Iruña Cormenzana

La pintura es artificio pero a veces capta la vida, sucede. Entonces la observamos, la vivimos y la contamos. Deja constancia.

Hace casi una década, el azar procuró que Iruña Cormenzana cambiase el venerado óleo sobre lienzo por la pintura acrílica aplicada a  grandes superficies de cartón, logrando desacralizar -en cierto modo- el objeto artístico y rompiendo, de paso, los límites de los formatos tradicionales. Aquel giro fortuito hacia lo povera, operó una  transformación profunda que refleja, desde entonces, en su obra y se traduce en pureza. El dibujo corpóreo, monumental, escultórico, el gesto y las pinceladas  salvajes, las grandes manchas de tierras elevados, sutilmente, con toques primarios, la temática girando siempre en torno al ser humano, la composición que se desborda hacia un abismo. Todo.

La pintura sobre cartón respira, se resquebraja, como la vida azul, se hace añicos tras la forma de lo aparente. La piel también se cuartea, los paisajes cambian, el tiempo se desintegra.

Iruña deja huella con la sencillez de las personas profundamente buenas, aquéllas que son capaces de amar mucho, de entregarse. Su obra es transparente, intensa, viva así como su rostro, cincelado a cada instante por emociones o pensamientos que desenmascaran el alma, desamparándola, abandonándola a la intemperie, en carne viva.

El azul del mar es una promesa baldía: el rumor de las olas, la línea difuminada del horizonte, gaviotas, alguna vela a lo lejos; el dulce olor a sal. Unas merecidas vacaciones.

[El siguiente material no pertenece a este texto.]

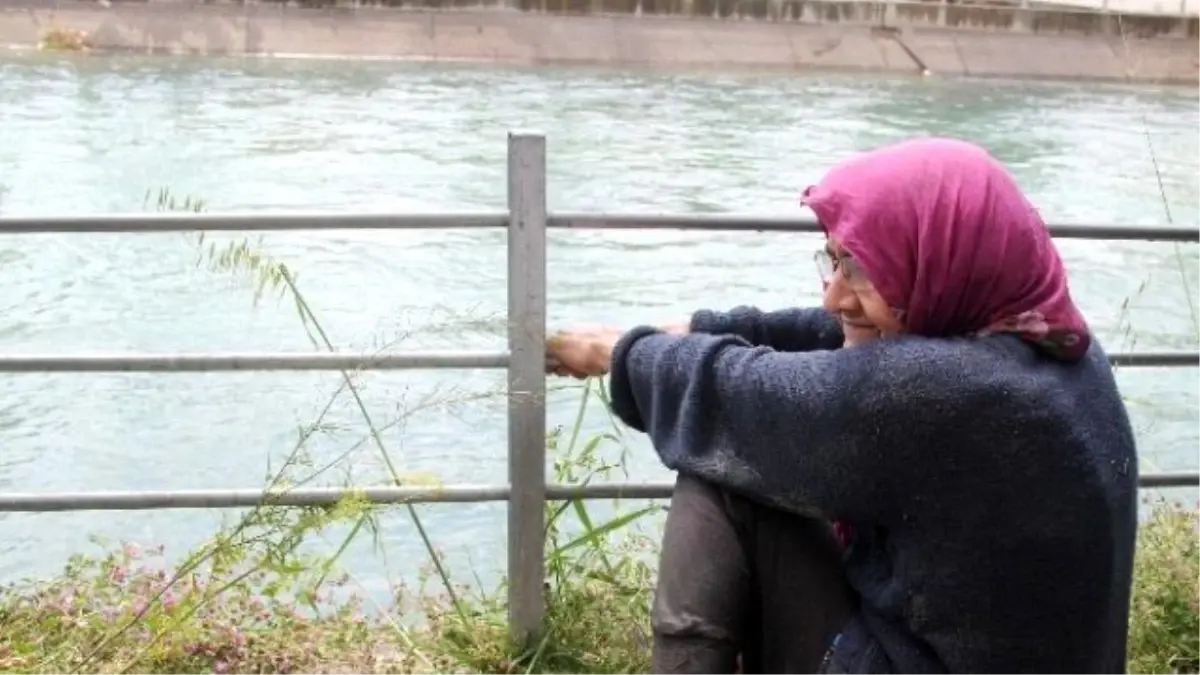 Ölmek İsteyen Yaşlı Kadını Lastikçi Kurtardı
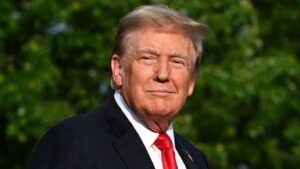 skynews-donald-trump-golf-course_6687972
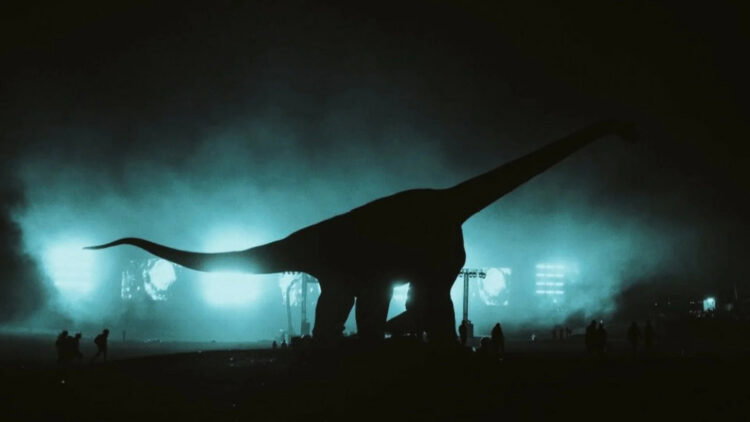 La nueva película de dinosaurios de Anne Hathaway tiene 44 minutos que solo podrás ver completos en IMAX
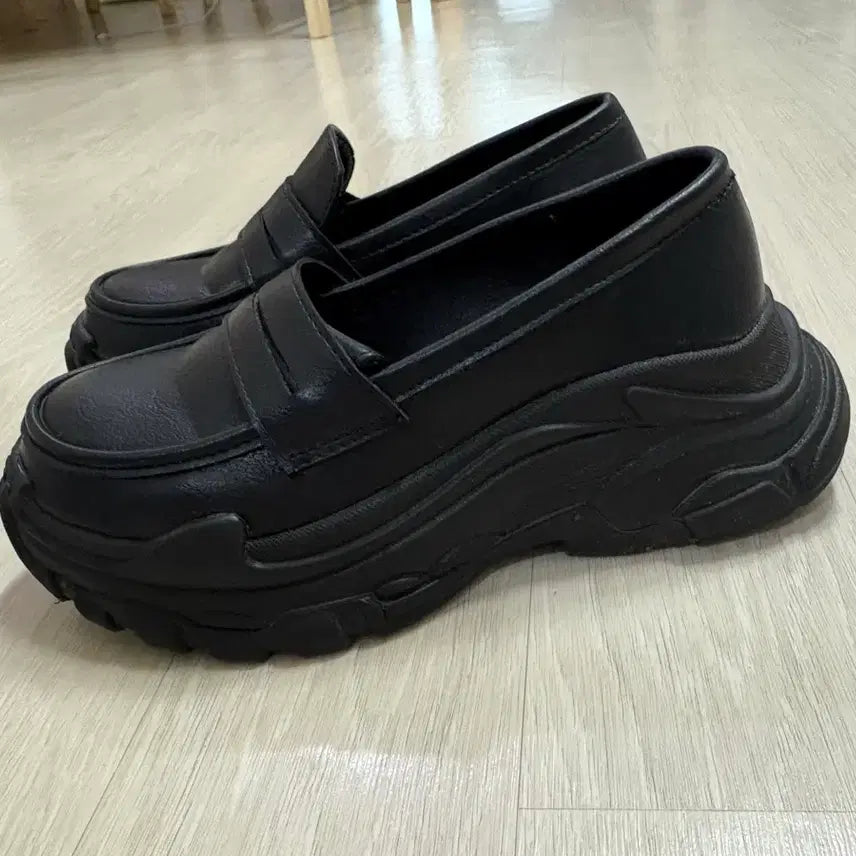 [SOLD OUT] 레이지앤 키높이  로퍼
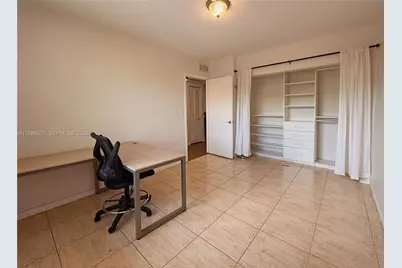 511 Ives Dairy Rd #301-6, Miami, FL 33179 - Photo 15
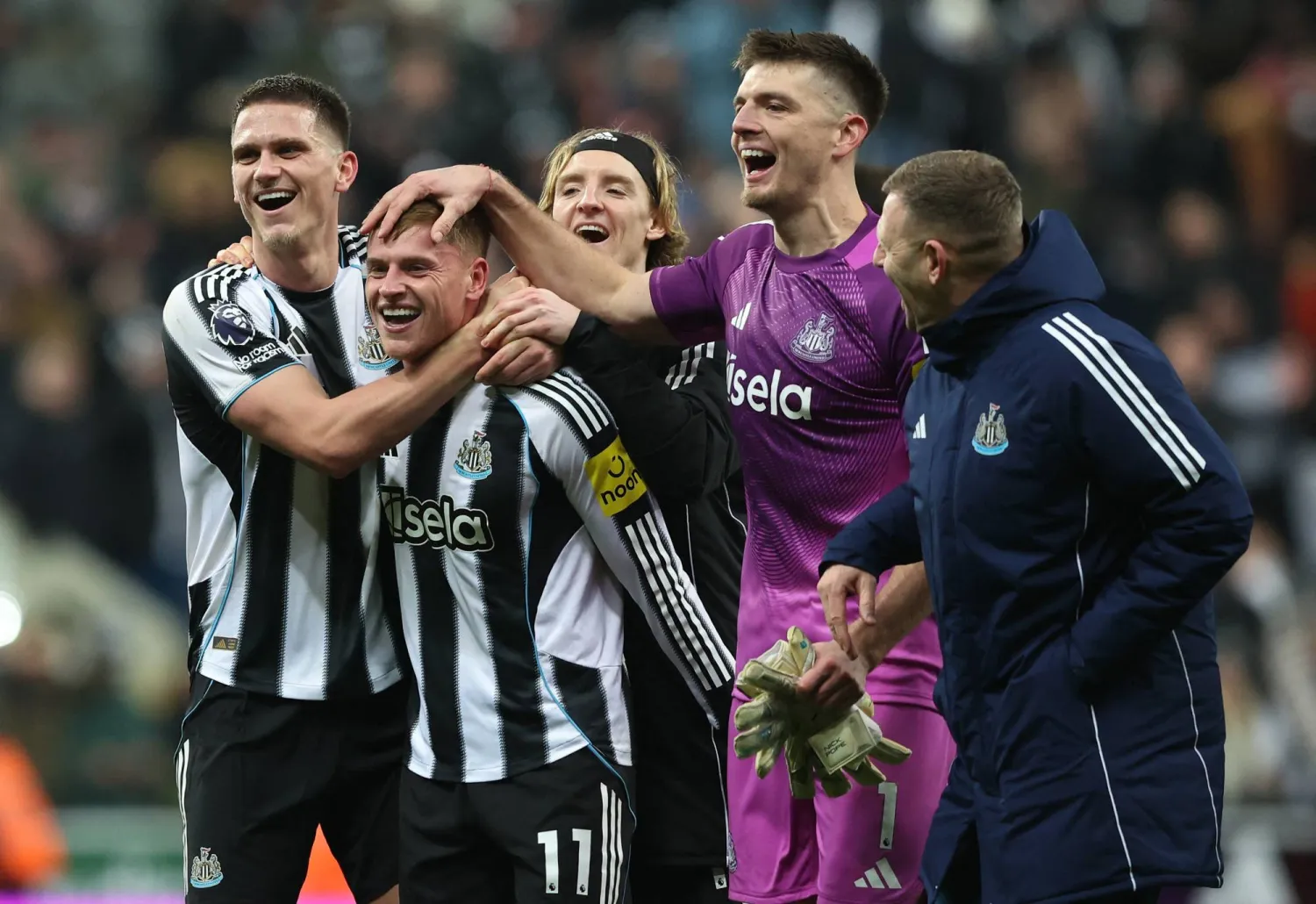 بارنيس لاعب نيوكاسل محتفلا مع زملاءه بعد الفوز المثير (رويترز)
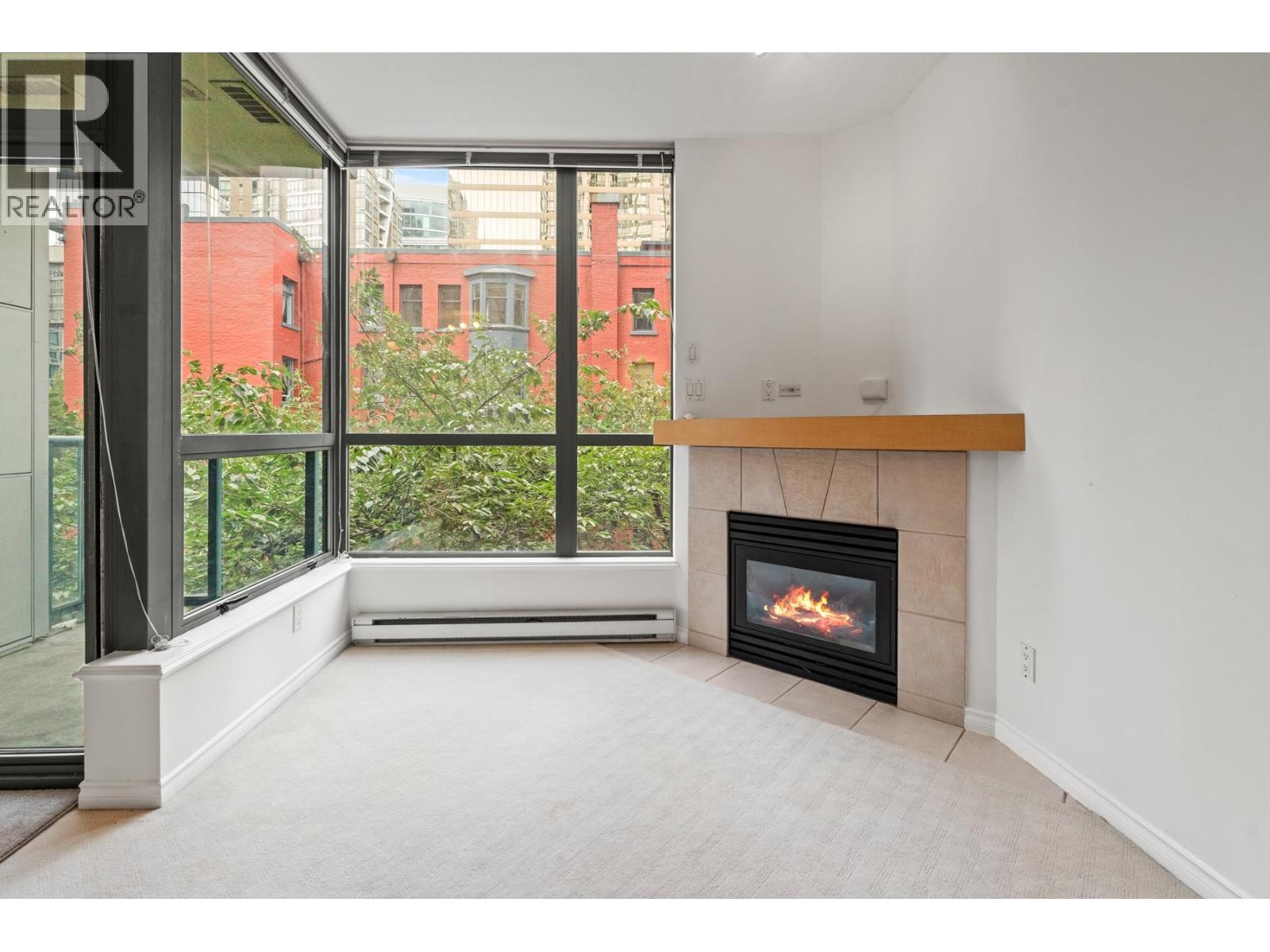 310 1239 W Georgia Street, Vancouver, British Columbia  V6E 4R8 - Photo 2 - R3038404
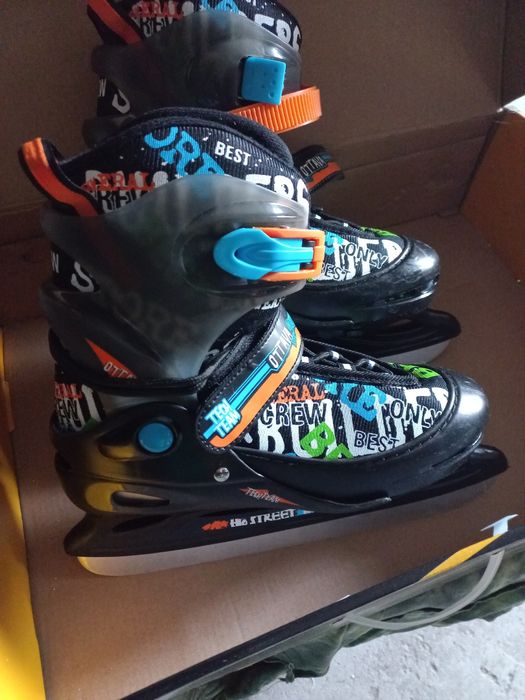 Продаю коньки на подростка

Pero la huida alegre esconde una tragedia y todo es, y nada es lo que parece.

Iruña Cormenzana conforma el mundo en su pintura, lo ordena y lo desborda.

Transforma el placer en dolor y muerte, en vientres hinchados, cabezas de medusa unidas a cuerpos deformes, insectos que yacen flotando en el agua infinita. El bañista adinerado de Saint Tropéz se retuerce, transformándose en la memoria viva del Mediterráneo: la tragedia cotidiana que se encarna, ahora, sin un color de piel específico, universalizando así, lo más obvio y propio del ser humano, algo que  todos preferiríamos ignorar: nuestro destino último.

Olvidamos que el mundo es tal y como lo percibimos cada uno y, mientras, nos afanamos en movernos buscando un lugar mejor,  aquello que llamamos felicidad, sin lograr escapar nunca de nosotros mismos.  Planeamos la huida para no llegar a ninguna parte, devorados siempre, inevitablemente, por el vórtice que somos. Queda la soledad, el frío, la extrañeza.

Y sin embargo, la dignidad irrepetible de cada ser humano queda latente en cada uno de los personajes representados por Iruña Cormenzana.